**DATASET RECORDS**
....
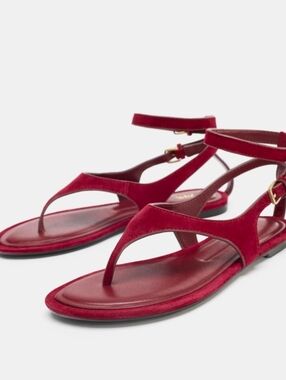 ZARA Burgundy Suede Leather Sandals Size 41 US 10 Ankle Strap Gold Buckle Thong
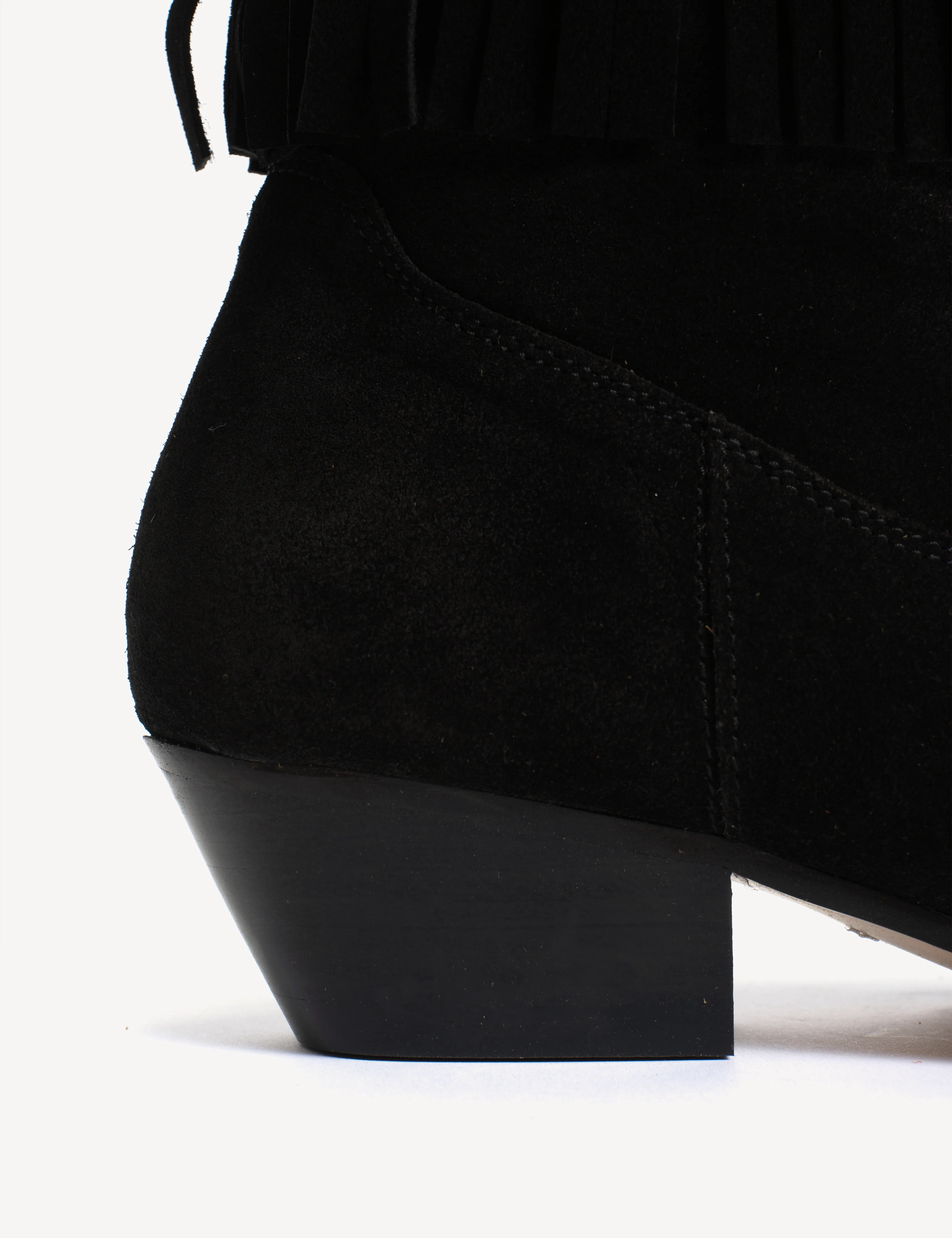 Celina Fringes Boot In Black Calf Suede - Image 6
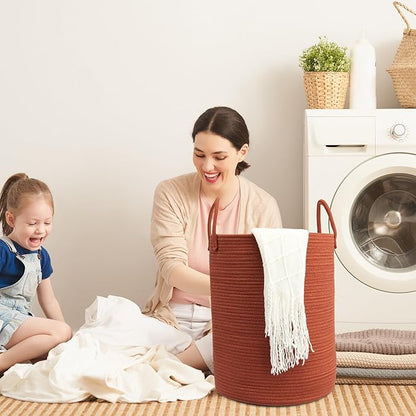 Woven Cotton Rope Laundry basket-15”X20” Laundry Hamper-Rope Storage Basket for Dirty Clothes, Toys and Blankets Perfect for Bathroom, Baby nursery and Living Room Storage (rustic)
....
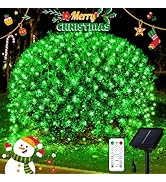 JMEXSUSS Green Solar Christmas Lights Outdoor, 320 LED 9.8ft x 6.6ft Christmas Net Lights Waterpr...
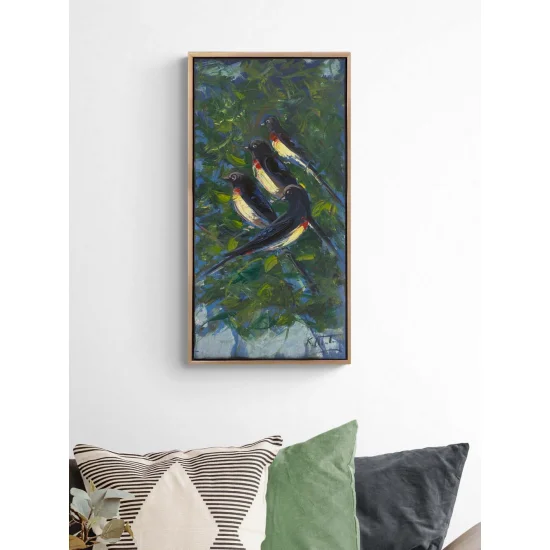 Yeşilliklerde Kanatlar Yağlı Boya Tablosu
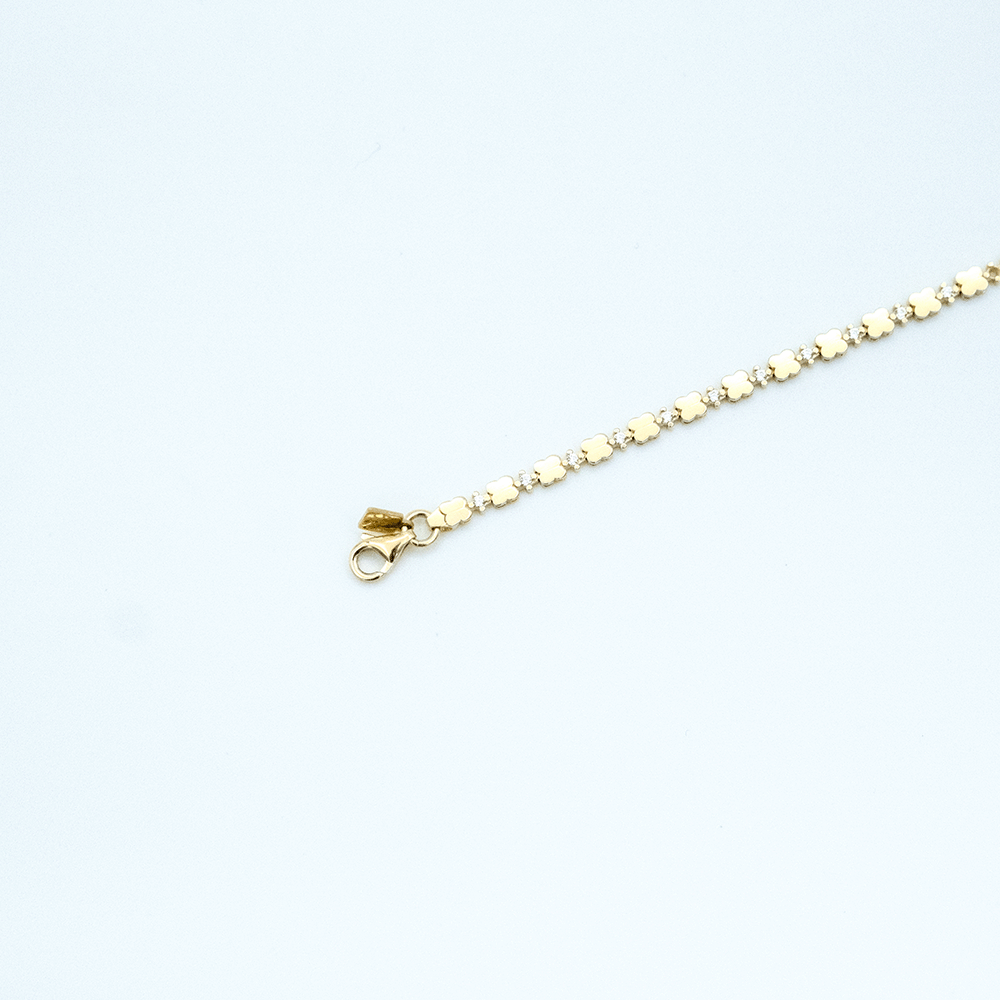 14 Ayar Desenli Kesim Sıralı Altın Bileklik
....
**EXERCISE INSTRUCTIONS**
Please copy out from the data above, without any picture, exactly the lines running from the one that holds "JMEXSUSS Green Solar" through the one that holds "14 Ayar Desenli Kesim Sıralı Altın Bileklik", and nothing beyond them.

**WRITTEN ANSWER**
 JMEXSUSS Green Solar Christmas Lights Outdoor, 320 LED 9.8ft x 6.6ft Christmas Net Lights Waterpr...
 Yeşilliklerde Kanatlar Yağlı Boya Tablosu
 14 Ayar Desenli Kesim Sıralı Altın Bileklik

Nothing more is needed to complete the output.